Benton Fraser would probably carefully, correctly fill out every single form, returning it precisely as indicated, having read and thoughtfully considered each one. And then have a wild bout of hysterical blindness which could only be cured by the repeated application of snow. Canadian snow. (It cannot possibly be this hard to buy a house in Canada. Canadians are sane, right?)

And I don't know the Supernatural boys that well, but I'm guessing they'd either shoot someone or exorcise the whole damn realty profession no later than ten days into any attempted home purchase.

Anyone else have suggestions for how fannish people might handle this? I would be interested to know, because maybe there's a coping method I could borrow that's better than my current one, which consists of:
  1. Fantasize, with the help of realtor.com.
  2. Eat mint chocolate UFOs.
  3. Cry.
(And, yes, I've already considered switching to exorcism. Does anyone know how to draw a pentagram around the state of California? I can't be the first person to have wanted to do this.)
catwalksalone: (mystery men dear lord)

[personal profile] catwalksalone 2009-06-12 06:43 am (UTC)(link)
You might want to expand your Realty Roulette to Britain. We have a whole lot less paperwork and civil partnerships. Also? We do not use the word 'escrow' which I count as a major plus point. Every time I see that word I boggle. Escrow? Escrow?

Leroy Jethro Gibbs would just stare at the realtor until they signed all the paperwork for him.

Bernard Black (if forced to move to the Satan's pit of fiery death that is America--his words, not mine) would do it through a haze of alcohol and then would have to do it all again because apparently it isn't okay to sign with just anybody's signature, you have to do it with your own.

Dan and Casey would do it on air and mock each page as they read it.

And now...work. *sigh*

[identity profile] thefourthvine.livejournal.com 2009-06-12 07:06 am (UTC)(link)
I really, really love the image of Bernard Black trying to buy a house in California. Lives would be lost. I would pay cash money to watch it.

You might want to expand your Realty Roulette to Britain. We have a whole lot less paperwork and civil partnerships.

Absolutely! Is there a real estate website I could browse? I hear Yorkshire is lovely in the winter!
catwalksalone: happy grey cat surrounded by flowers (Default)

[personal profile] catwalksalone 2009-06-12 09:46 am (UTC)(link)
You could try www.propertyfinder.com - you can search the whole of Britain from there. Scotland is an awesome place to pretend-buy in that it makes the seller do most of the work in terms of getting surveys done and stuff, and all the paperwork is simplified.

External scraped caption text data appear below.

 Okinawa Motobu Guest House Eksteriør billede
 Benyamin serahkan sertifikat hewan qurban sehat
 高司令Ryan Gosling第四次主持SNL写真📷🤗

On the downside the 'asking price' is only a starting point and much higher bids are expected, which confuses me.

I am working, honest. *looks shifty*
vaznetti: (Default)

[personal profile] vaznetti 2009-06-12 02:13 pm (UTC)(link)
This is the site you want. I spend hours and hours browsing for houses in Oxford that we can't afford. (I mean, I grew up in San Francisco, in the city, and I think the real estate in Oxford is overpriced. So you might find it a reassuring site to browse.)
starfishchick: (NCIS headtilt Gibbs)

[personal profile] starfishchick 2009-06-12 04:19 pm (UTC)(link)
Leroy Jethro Gibbs would just stare at the realtor until they signed all the paperwork for him.

Bernard Black (if forced to move to the Satan's pit of fiery death that is America--his words, not mine) would do it through a haze of alcohol and then would have to do it all again because apparently it isn't okay to sign with just anybody's signature, you have to do it with your own.

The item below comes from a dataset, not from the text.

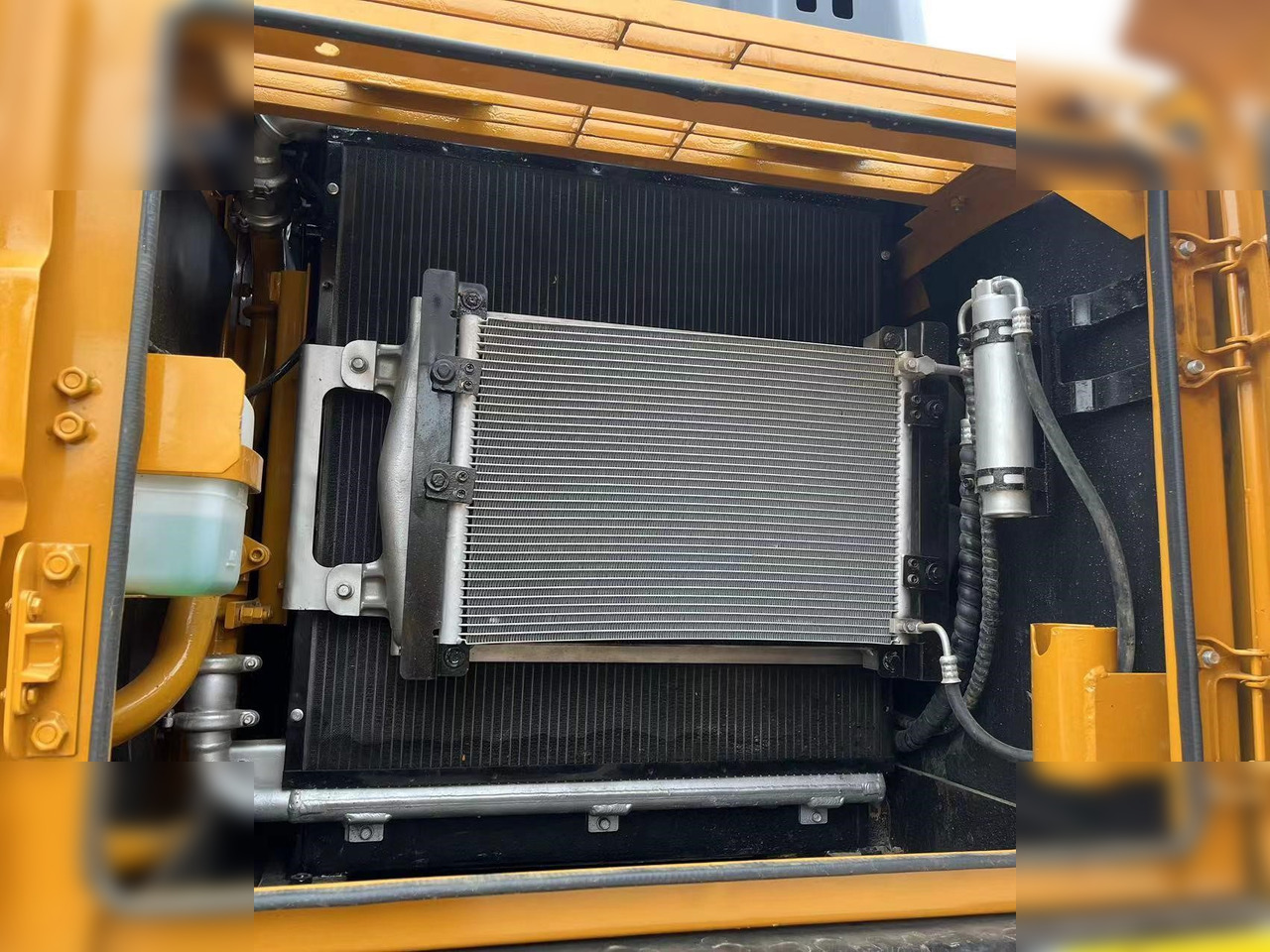 Escavadora de rastos SANY SY215C PRO: foto 7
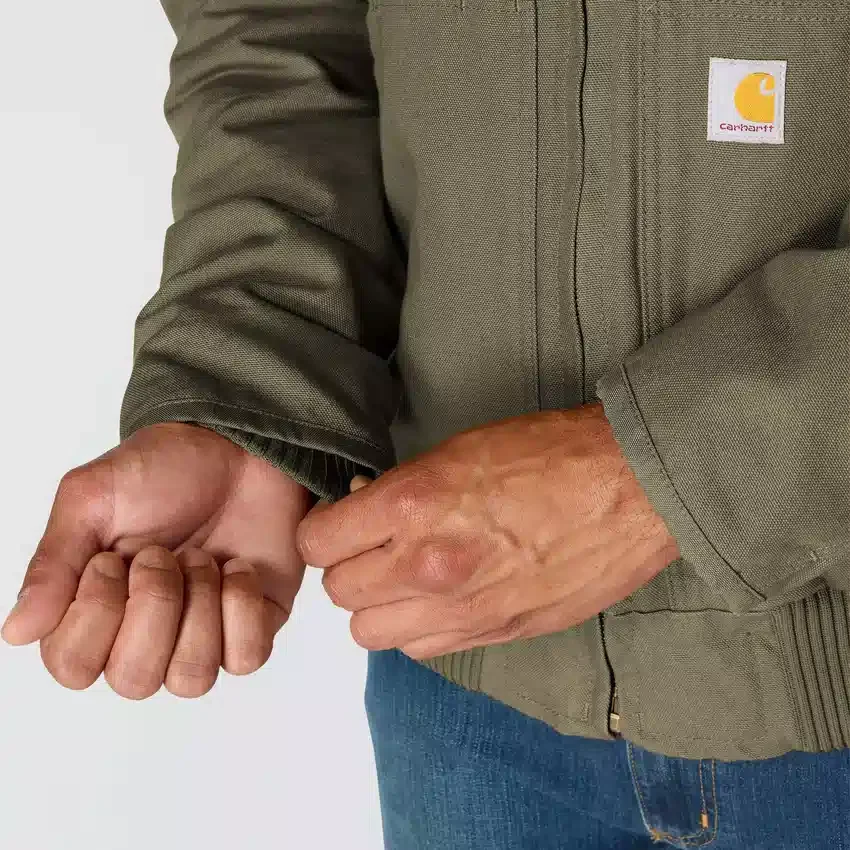 Casaco desportivo isolado em lona lavada para homem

Dan and Casey would do it on air and mock each page as they read it.


I would happily watch ALL OF THE ABOVE things happen. Or at least read about them. :)

[identity profile] adina-atl.livejournal.com 2009-06-12 04:33 pm (UTC)(link)
Regarding signing with anybody's signature, when I bought a house I had to sign an additional paper certifying that all the different ways that I signed my own name were, you know, actually mine. They were not amused by my habit of signing First Last, First M. Last, and First Middle Last, as well as a variety of illegible hand cramps.